This isn’t the first time makers of dangerous products have found ways to claim evidence against them is inconclusive, or have funded supposedly independent research programs that purport to search for the “real” roots of the problem. The tobacco industry stalled for years by using public information campaigns to create controversy over established facts about the dangers of smoking. The gun lobby borrowed these tactics to promote the idea that having lots of unregulated guns around keeps us safe, even as our rate of gun-related deaths ballooned compared to other countries.

Such tactics are sometimes referred to as “misdirection,” which in the case of the tobacco and gun lobbies has been defined as “[altering] the nature of the debate until it is winnable, or at least not loseable. In some instances stalemate will do. If new information arises that shows an existing position to be wrong, move on to another.”

The mission of the GEBN, per its website, is, “To connect and engage multi-disciplinary scientists and other experts around the globe dedicated to applying and advancing the science of energy balance to achieve healthier living.” The “science of energy balance” refers to the well-established fact that what you eat is only part of what determines your weight. The other part is how many calories you burn.
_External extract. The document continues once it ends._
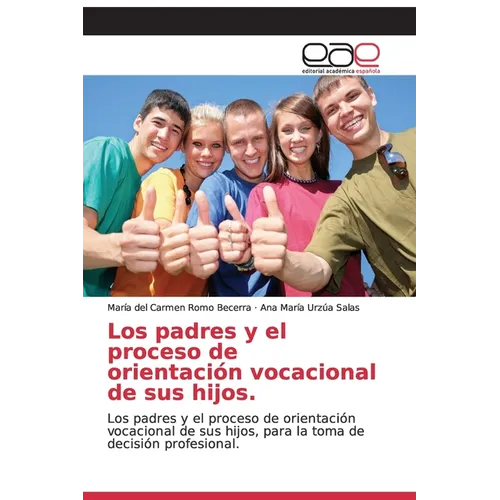 Los padres y el proceso de orientación vocacional de sus hijos. - Paperback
This message is particularly dangerous for the simple reason that it’s largely true, and on the surface it’s hard to find fault with a pro-exercise message. But the fact that gaps remain in our understanding of the relationship between diet, exercise and health does not mean we should alter the prevailing consensus about the dangers of soda. But that is what GEBN threatens to do; its message implies that if you do more exercise, you can enjoy more Coke.
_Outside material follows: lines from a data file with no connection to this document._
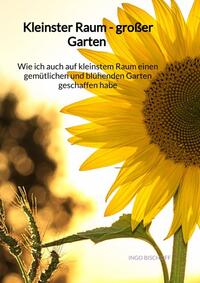 Vorderes Coverbild Kleinster Raum - großer Garten - Wie ich auch auf kleinstem Raum einen gemütlichen und blühenden Garten geschaffen habe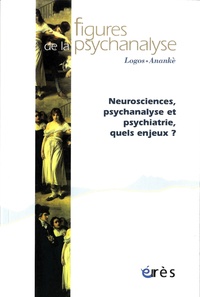 Christian Hoffmann et Monique Lauret - Figures de la psychanalyse N° 28 : Neurosciences, psychanalyse et psychiatrie, quels enjeux ?.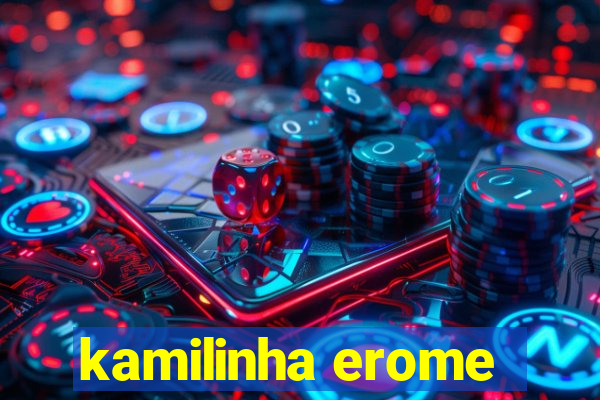 kamilinha erome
But while exercise burns calories, it also increases appetite, which can lead to more eating, which can replace all of those burned calories. People who eat more sugar can become insulin-resistant, so their bodies make more insulin, which leads to more fat deposition. And foods that are high in fiber, like nuts, lead to less weight gain per calorie than foods with a similar amount of calories but less fiber, like, say, Coca Cola. While it is possible to outrun a bad diet, there is no question that it’s easier to manage your weight by focusing on what you eat. Much easier. But GEBN threatens to question this reality, just the same, by misdirecting the focus on obesity and related conditions away from diet and toward energy balance.